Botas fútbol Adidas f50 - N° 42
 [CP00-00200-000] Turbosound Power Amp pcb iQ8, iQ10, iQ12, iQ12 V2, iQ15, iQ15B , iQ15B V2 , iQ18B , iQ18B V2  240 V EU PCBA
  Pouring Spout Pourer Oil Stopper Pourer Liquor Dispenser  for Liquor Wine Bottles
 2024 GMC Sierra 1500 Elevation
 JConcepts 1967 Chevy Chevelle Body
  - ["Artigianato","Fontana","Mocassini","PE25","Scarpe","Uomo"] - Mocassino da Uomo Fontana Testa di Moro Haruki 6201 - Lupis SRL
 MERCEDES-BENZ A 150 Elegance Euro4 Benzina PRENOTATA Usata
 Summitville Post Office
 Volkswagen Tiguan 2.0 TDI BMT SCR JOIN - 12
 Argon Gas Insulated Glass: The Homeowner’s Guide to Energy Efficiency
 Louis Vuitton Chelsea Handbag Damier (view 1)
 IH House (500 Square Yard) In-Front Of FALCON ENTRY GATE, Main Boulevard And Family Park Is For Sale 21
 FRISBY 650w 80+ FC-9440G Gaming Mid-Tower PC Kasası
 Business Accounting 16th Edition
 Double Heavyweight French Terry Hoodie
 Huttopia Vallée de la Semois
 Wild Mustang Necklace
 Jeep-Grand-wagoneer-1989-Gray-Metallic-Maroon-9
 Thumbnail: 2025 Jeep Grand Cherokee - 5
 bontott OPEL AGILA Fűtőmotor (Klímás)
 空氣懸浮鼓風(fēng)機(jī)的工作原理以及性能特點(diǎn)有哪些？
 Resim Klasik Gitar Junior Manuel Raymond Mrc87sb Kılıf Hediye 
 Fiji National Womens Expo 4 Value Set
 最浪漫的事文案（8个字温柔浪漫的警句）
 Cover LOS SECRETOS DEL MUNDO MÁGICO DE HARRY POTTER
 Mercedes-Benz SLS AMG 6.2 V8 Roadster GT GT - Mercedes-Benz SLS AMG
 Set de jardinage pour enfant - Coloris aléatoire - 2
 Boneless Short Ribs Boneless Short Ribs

## Task directions
Write out exactly the lines above between the line with "JConcepts 1967 Chevy Chevelle Body" and the line with "空氣懸浮鼓風(fēng)機(jī)的工作", inclusive, and nothing beyond them.

## Answer section
 JConcepts 1967 Chevy Chevelle Body
  - ["Artigianato","Fontana","Mocassini","PE25","Scarpe","Uomo"] - Mocassino da Uomo Fontana Testa di Moro Haruki 6201 - Lupis SRL
 MERCEDES-BENZ A 150 Elegance Euro4 Benzina PRENOTATA Usata
 Summitville Post Office
 Volkswagen Tiguan 2.0 TDI BMT SCR JOIN - 12
 Argon Gas Insulated Glass: The Homeowner’s Guide to Energy Efficiency
 Louis Vuitton Chelsea Handbag Damier (view 1)
 IH House (500 Square Yard) In-Front Of FALCON ENTRY GATE, Main Boulevard And Family Park Is For Sale 21
 FRISBY 650w 80+ FC-9440G Gaming Mid-Tower PC Kasası
 Business Accounting 16th Edition
 Double Heavyweight French Terry Hoodie
 Huttopia Vallée de la Semois
 Wild Mustang Necklace
 Jeep-Grand-wagoneer-1989-Gray-Metallic-Maroon-9
 Thumbnail: 2025 Jeep Grand Cherokee - 5
 bontott OPEL AGILA Fűtőmotor (Klímás)
 空氣懸浮鼓風(fēng)機(jī)的工作原理以及性能特點(diǎn)有哪些？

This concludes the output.